As a member of Congress, Tim Walz voted to stop EPA’s “waters of the U.S.” rule to protect waterways from farm runoff. He voted to keep climate change out of the Interior Department’s decisions on conservation and recreation on public lands, and he supported loosening certain pesticide restrictions.

Now, he’s running on a ticket that would do the opposite, if Vice President Kamala Harris is elected president with Walz as vice president.

Walz’s evolution from a middle-of-the-road congressman to a hero for progressives, shown in part through his record on agriculture, complicates the narrative that’s likely to unfold as the campaign progresses.

Advertisement

The opposing Trump camp is branding him as a liberal partner to a liberal Harris.

In picking the Democratic governor of Minnesota as her running mate, though, Harris draws on a seasoned politician whose stances on farm policy helped him repeatedly win reelection in a Republican-leaning district.
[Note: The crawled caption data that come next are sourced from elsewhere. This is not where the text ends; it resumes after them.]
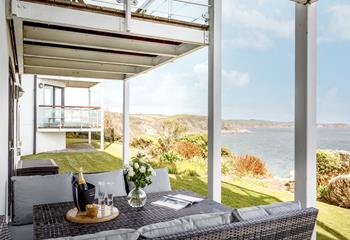 Spend evenings relaxing on the decking with a glass of your favourite wine with the sea views as a backdrop.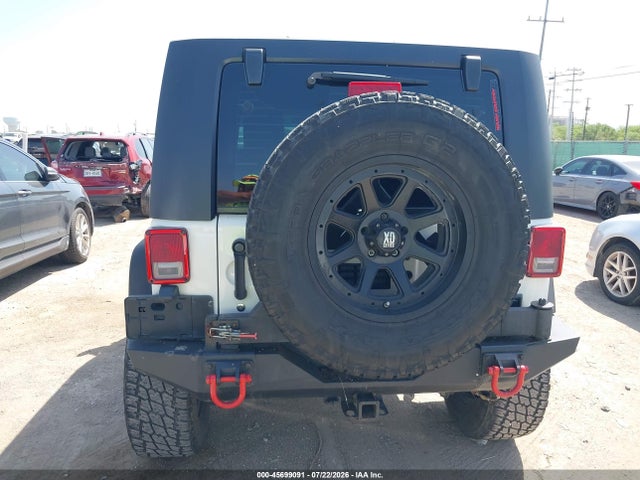 45699091 :رقم المزاد ، 1J4BA3H17AL105150 vin ، 2010 Jeep Wrangler Unlimited Sport مزاد بيع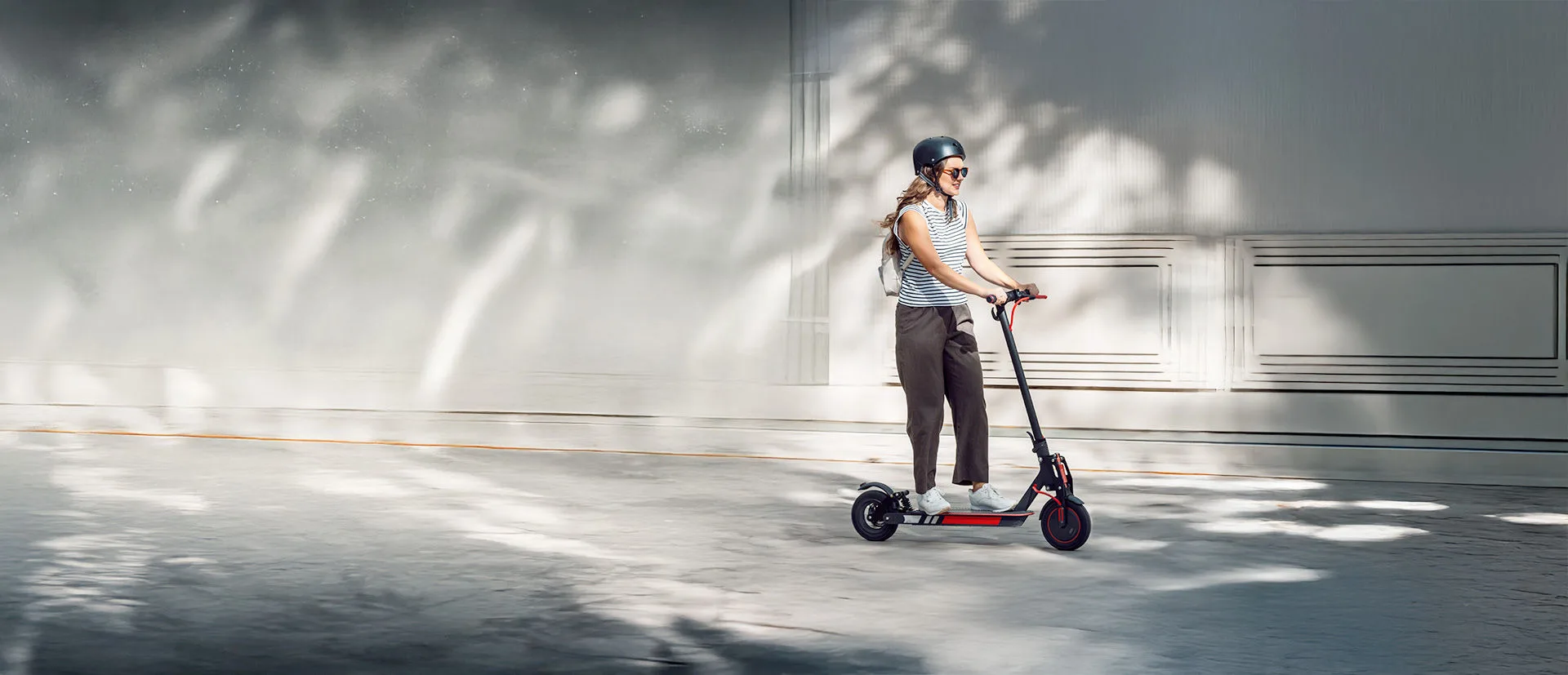 Wer haftet bei E-Scooter Unfällen? Eine Frau fährt auf einem E-Scooter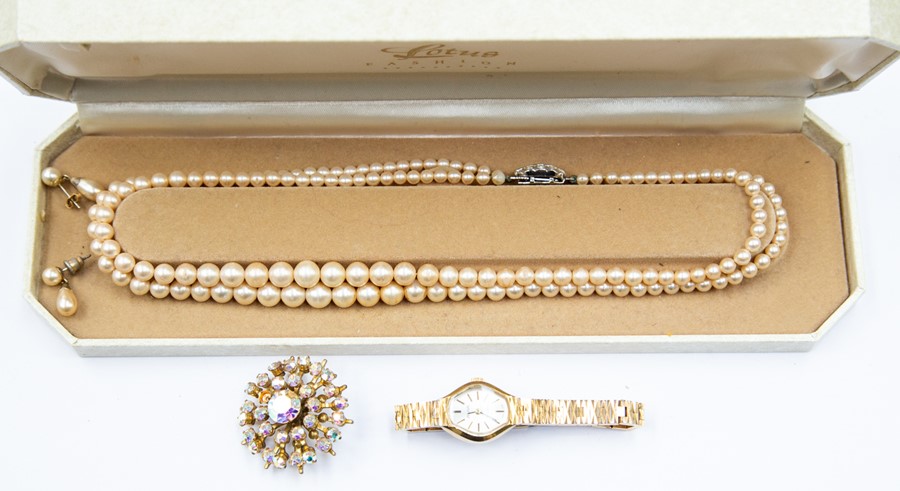 An Avia ladies bracelet watch; a duo strand of Lotus fashion pearls and a brooch - Image 2 of 2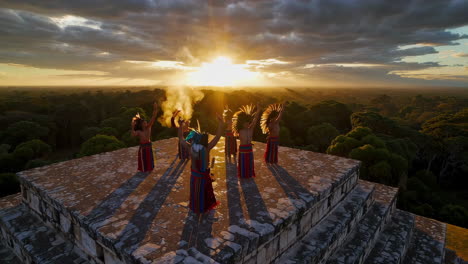 mayan ritual ceremony on ancient pyramid at sunset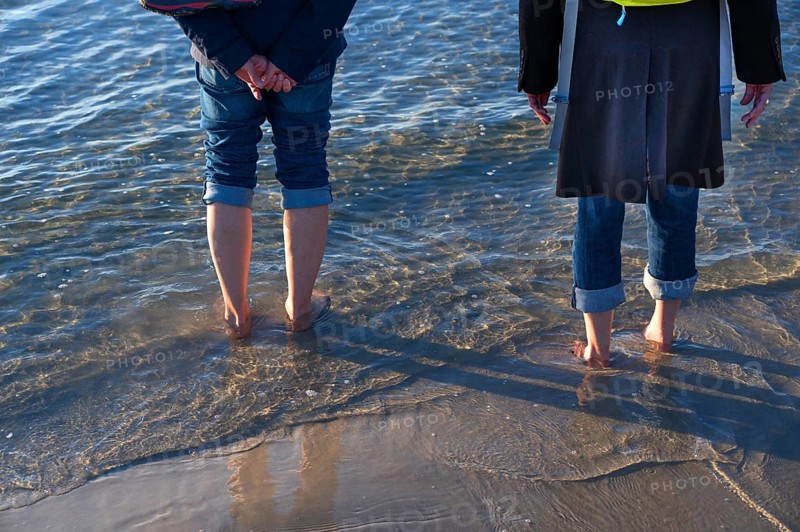 Walkers on Starnd, barefoot in the Baltic Sea, Ahrenshoop, Darß, Mecklenburg-Western Pomerania, Germany
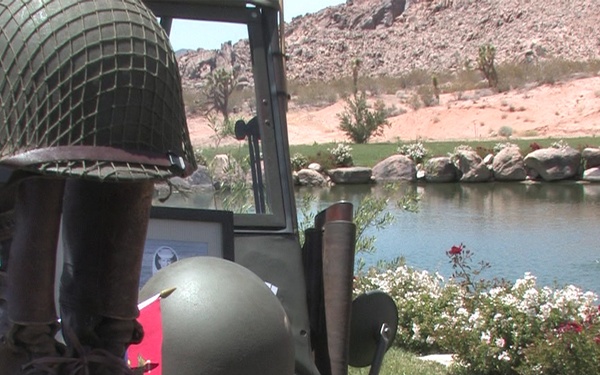 The image shows a display of World War II-era U.S. military equipment and gear arranged on what appears to be a military vehicle, likely at an outdoor event or exhibition. The setting includes a desert landscape with rocky hills, a small pond or water feature, and flowering shrubs in the background. The collection includes helmets, boots, pouches, and other period-authentic military accessories.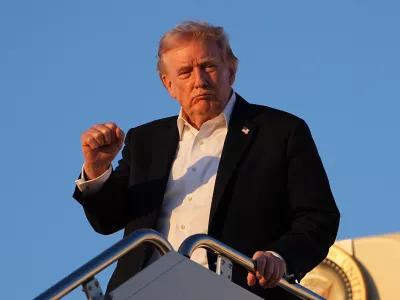 President Donald Trump arrives on Air Force One at Joint Base Andrews, Md., Sunday, May 3, 2026. (AP Photo/Matt Rourke)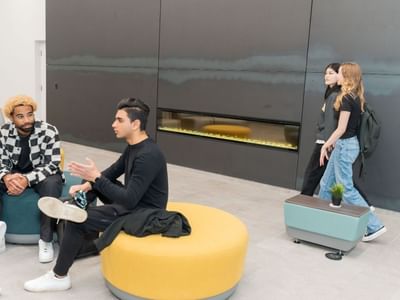 Students socializing in the Laurent lobby, with modern seating and a warm fireplace.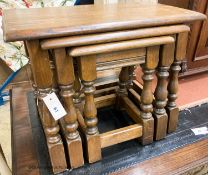 A nest of three reproduction rectangular oak tea tables, largest W.60cm W.32cm H.45cm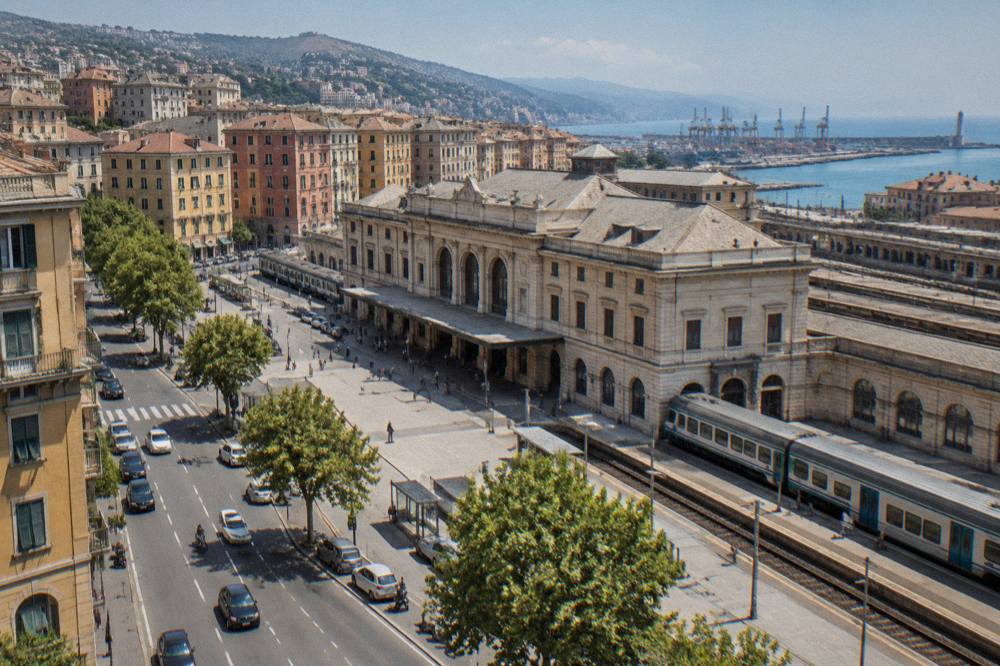 Regional train stopped at a seaside station platform on the Ligurian coast
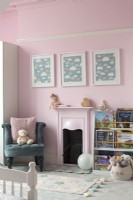 Pink painted walls and fireplace in childrens room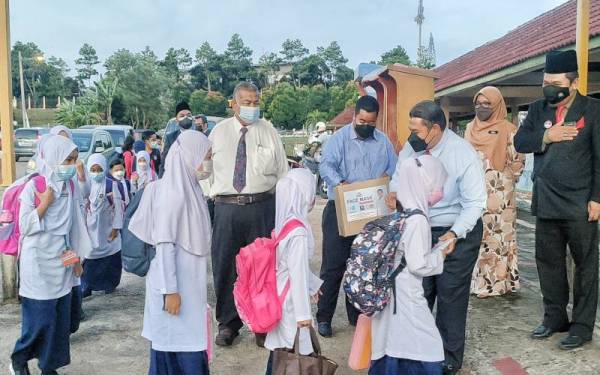 Rais (dua dari kanan) ketika mengedarkan pelitup muka kepada murid-murid di SK Tanjung Minyak pada Isnin.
Walz, who served six terms in the House, became a senior member of the Agriculture Committee and played a role in crafting three farm bills.

“He has a deep history on the Agriculture Committee,” said Michael Lavender, policy director for the National Sustainable Agriculture Coalition. Having someone with an extensive agriculture policy record on a presidential ticket is “pretty astonishing,” he said.

Although agriculture isn’t a front-burner issue in presidential races, the Harris campaign is counting on Walz’s background to give the ticket more support in the Midwest and states such as Michigan — just as the Trump campaign touts running mate Sen. JD Vance of Ohio’s appeal in Midwest battleground states.

Once in office, vice presidents are known more for diplomatic work or other domestic work than for rural outreach. Former Vice President Mike Pence, from Indiana, ended up playing only a limited role on Agriculture Department programs during the Trump administration, said one agricultural lobbyist who works with officials and Congress on a regular basis.

Walz’s environmental record in Congress

Walz’s agriculture resume begins with his upbringing in rural Nebraska and includes advocating for upstart farmers, on-farm energy production and biofuels. But during his 12 years in Congress, he wasn’t exactly a champion for the environment.

The League of Conservation Voters knocked Walz for twice voting for GOP-led legislation to ease restrictions on pesticides near waterways. The “Reducing Regulatory Burdens Act” passed the Republican-led House but did not advance in the Senate. It would have prohibited EPA and states from requiring water pollution permits for pesticide discharges into navigable waters, if the chemicals were approved by the agency.

He voted also to challenge EPA’s WOTUS rule through the Congressional Review Act, reflecting concerns in farm country that the Clean Water Act could be applied to ditches or streams on farms that don’t run all year. Walz once asked at a farm issues forum whether a farmer who dug a hole for a fence post near a stream would fall under the regulation.

In 2014, he was one of 15 Democrats to vote against a measure allowing the Interior secretary to consider the effects of climate change in making decisions about conservation and recreation on public lands.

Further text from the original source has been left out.